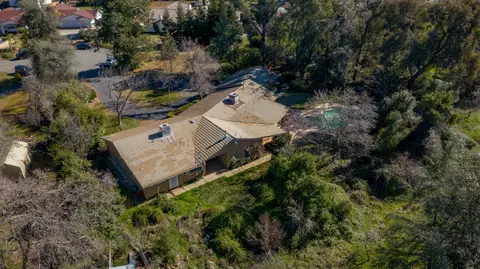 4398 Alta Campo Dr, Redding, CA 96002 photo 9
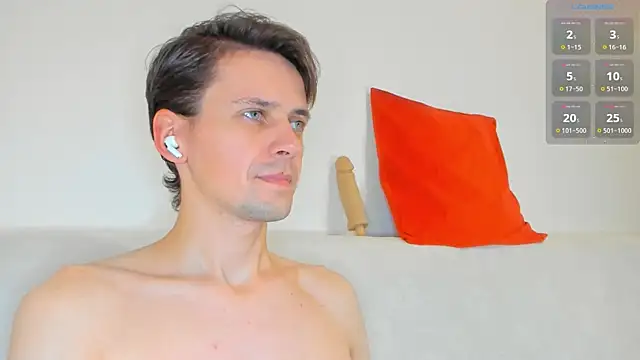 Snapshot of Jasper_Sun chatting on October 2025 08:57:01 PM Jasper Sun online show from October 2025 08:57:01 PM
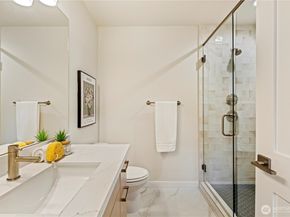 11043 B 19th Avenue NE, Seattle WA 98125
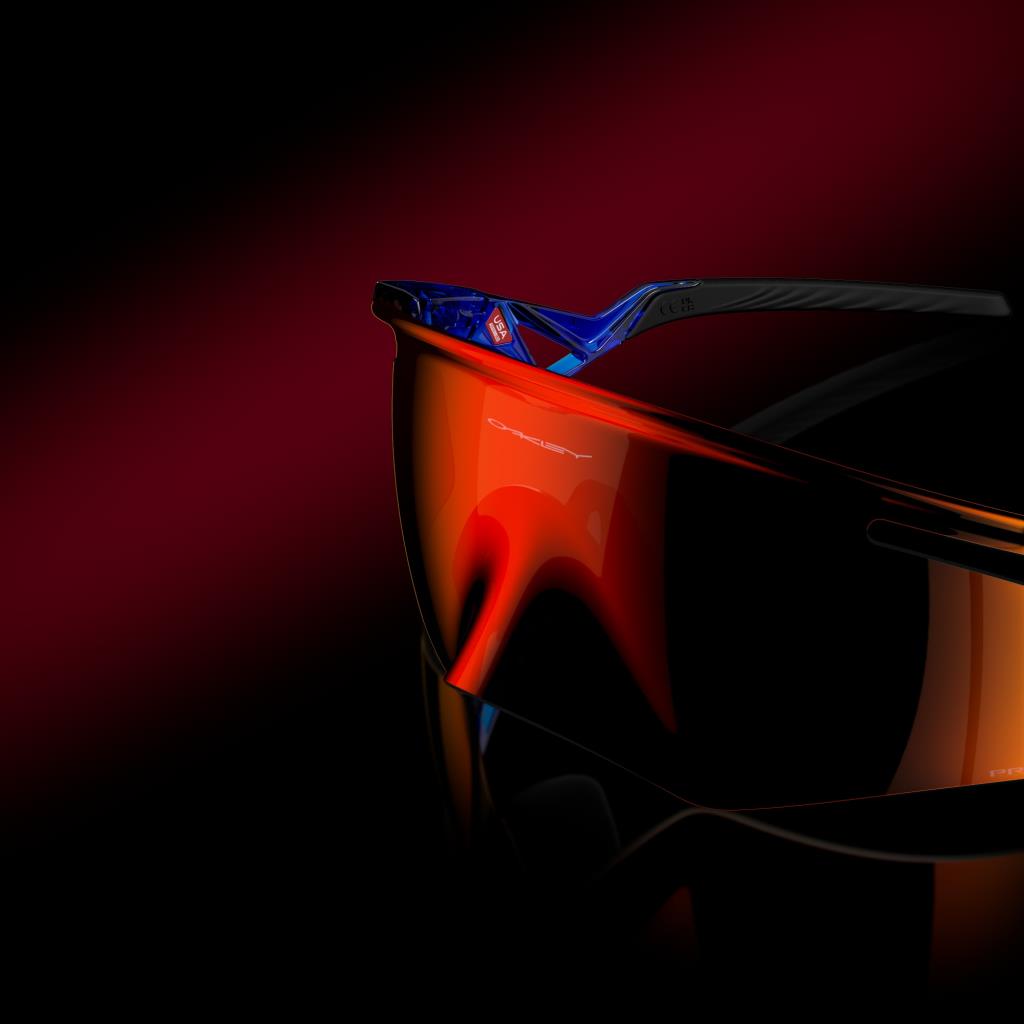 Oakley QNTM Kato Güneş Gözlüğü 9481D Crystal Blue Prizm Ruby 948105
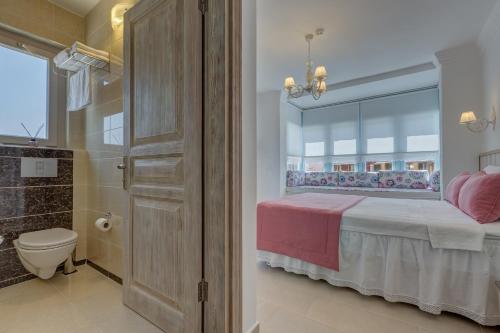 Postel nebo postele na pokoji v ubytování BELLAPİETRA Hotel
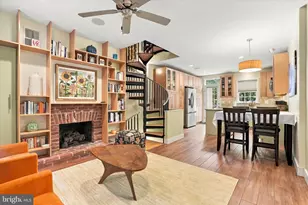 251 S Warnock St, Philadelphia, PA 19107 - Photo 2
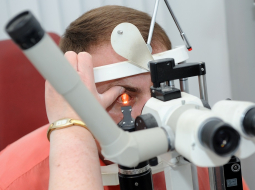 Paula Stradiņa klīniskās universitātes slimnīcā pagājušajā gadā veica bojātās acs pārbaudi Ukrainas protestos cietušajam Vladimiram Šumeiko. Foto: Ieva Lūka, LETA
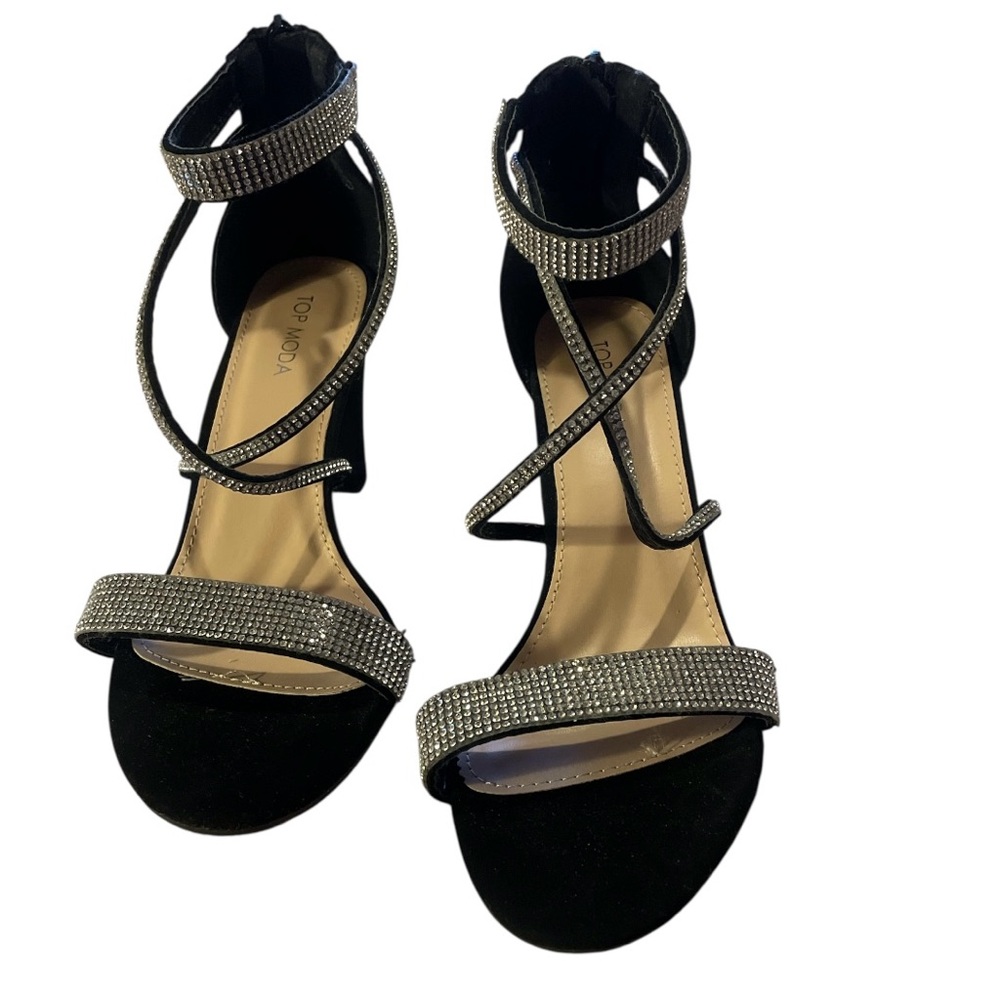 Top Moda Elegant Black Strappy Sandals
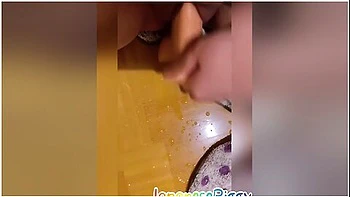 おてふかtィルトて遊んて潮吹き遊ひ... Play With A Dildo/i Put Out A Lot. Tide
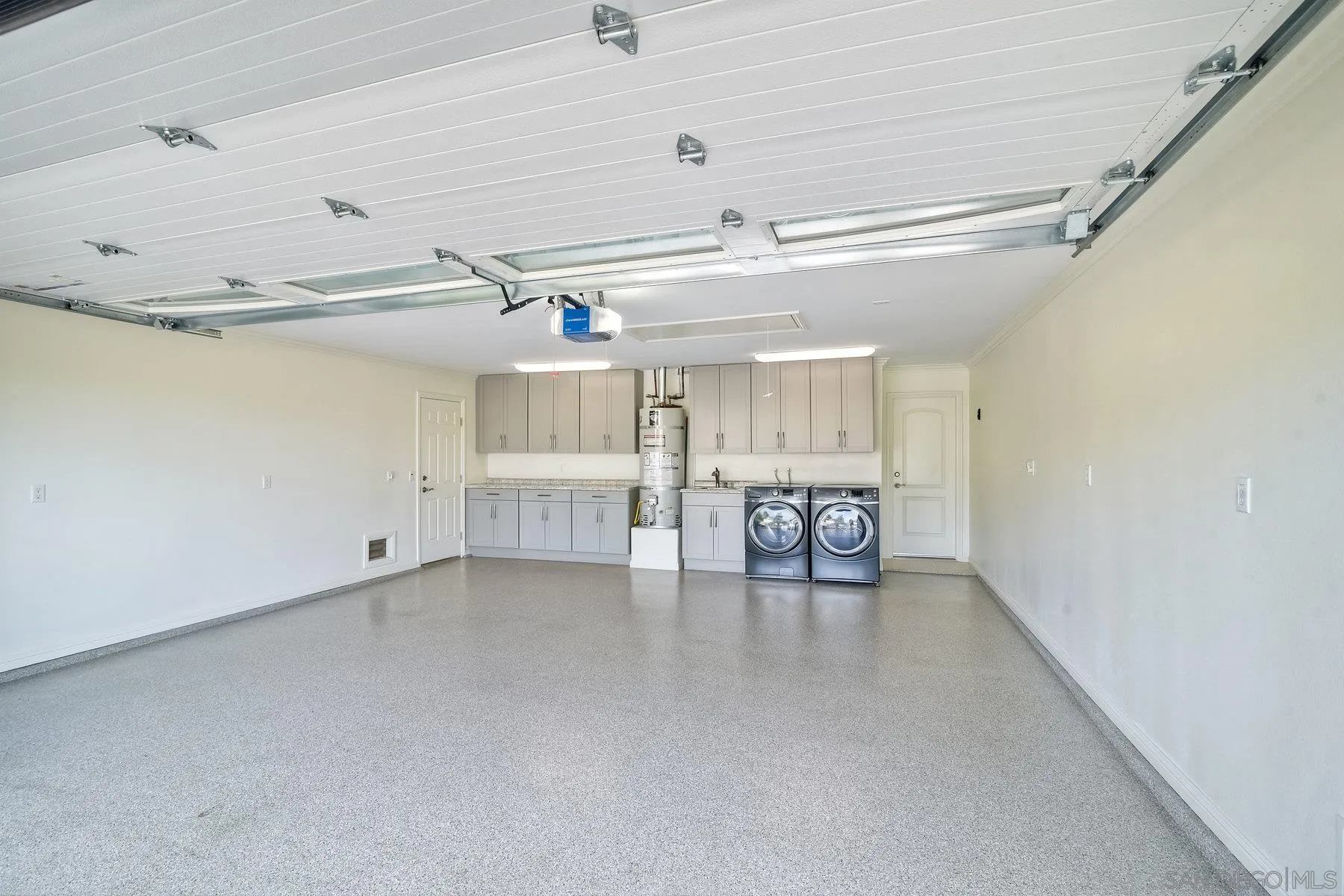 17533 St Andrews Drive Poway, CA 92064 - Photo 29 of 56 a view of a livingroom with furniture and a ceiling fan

◇ ◇ ◇ ◇ ◇ ◇ ◇

# WHAT TO DO
Retype precisely, and only, the lines from the one holding "Oakley QNTM Kato" through the final line of the data above, with the pictures omitted.

# ANSWER BOX
 Oakley QNTM Kato Güneş Gözlüğü 9481D Crystal Blue Prizm Ruby 948105
 Postel nebo postele na pokoji v ubytování BELLAPİETRA Hotel
 251 S Warnock St, Philadelphia, PA 19107 - Photo 2
 Paula Stradiņa klīniskās universitātes slimnīcā pagājušajā gadā veica bojātās acs pārbaudi Ukrainas protestos cietušajam Vladimiram Šumeiko. Foto: Ieva Lūka, LETA
 Top Moda Elegant Black Strappy Sandals
 おてふかtィルトて遊んて潮吹き遊ひ... Play With A Dildo/i Put Out A Lot. Tide
 17533 St Andrews Drive Poway, CA 92064 - Photo 29 of 56 a view of a livingroom with furniture and a ceiling fan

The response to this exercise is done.